Prove: The boundary of the set $\{(x,y,z) \in \mathbb{R}^3 | z > \sqrt{x^2+y^2}\}$ isn't a smooth manifold.
The boundary is defined by $z = \sqrt{x^2+y^2}$. I'm trying to think how to approach this problem. I know that the problematic point is $0$, because intuitively, it seems like the mapping isn't smooth at that point.I know that because smooth manifolds are locally homeomorphic to $\mathbb{R}^n$, so in our case the the manifold around the point (0,0,0) has to be homeomorphic to either an open set in $\mathbb{R}$ or in $\mathbb{R^2}$. The former can't be true because removing one point from the manifold, for example, (0,0,0), doesn't disconnect it but removing one point from $\mathbb{R}$ does.

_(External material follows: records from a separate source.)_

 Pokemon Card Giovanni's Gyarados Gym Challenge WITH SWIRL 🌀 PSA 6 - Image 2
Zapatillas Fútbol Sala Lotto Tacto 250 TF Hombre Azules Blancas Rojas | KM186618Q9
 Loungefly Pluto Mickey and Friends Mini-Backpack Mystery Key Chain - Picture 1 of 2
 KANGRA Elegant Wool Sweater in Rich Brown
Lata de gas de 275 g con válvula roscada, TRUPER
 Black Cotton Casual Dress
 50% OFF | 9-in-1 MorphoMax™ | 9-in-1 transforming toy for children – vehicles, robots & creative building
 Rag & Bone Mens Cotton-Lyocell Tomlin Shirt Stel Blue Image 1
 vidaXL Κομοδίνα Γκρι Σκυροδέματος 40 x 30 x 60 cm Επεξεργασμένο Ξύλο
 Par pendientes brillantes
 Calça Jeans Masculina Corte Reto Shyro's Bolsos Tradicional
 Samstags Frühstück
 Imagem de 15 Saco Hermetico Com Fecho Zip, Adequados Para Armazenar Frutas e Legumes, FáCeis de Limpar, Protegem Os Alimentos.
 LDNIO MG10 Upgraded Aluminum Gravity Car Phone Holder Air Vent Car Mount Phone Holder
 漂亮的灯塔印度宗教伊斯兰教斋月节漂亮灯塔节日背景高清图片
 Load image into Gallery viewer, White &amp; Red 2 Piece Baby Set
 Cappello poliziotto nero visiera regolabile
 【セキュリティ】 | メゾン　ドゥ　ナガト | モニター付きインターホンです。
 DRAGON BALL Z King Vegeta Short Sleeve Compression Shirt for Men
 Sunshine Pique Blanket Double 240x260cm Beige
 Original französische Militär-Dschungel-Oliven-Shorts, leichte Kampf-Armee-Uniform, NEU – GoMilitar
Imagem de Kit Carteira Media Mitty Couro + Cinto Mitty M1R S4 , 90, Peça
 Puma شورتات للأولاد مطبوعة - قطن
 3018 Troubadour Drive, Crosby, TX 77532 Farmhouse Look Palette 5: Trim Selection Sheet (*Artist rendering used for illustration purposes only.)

I'm stuck because I can't see a way to topographically disprove the second case. I though about another approach: Assume to the contrary that the boundary is a manifold, therefore there exists some co-map $f$ of the manifold at point $(0,0,0)$ s.t.: $f(x,y, \sqrt{x^2+y^2}) = 0$. I tried deriving both sides, but didn't get anywhere. It seems like I'm out of ideas to disprove the question... Any help would be welcome.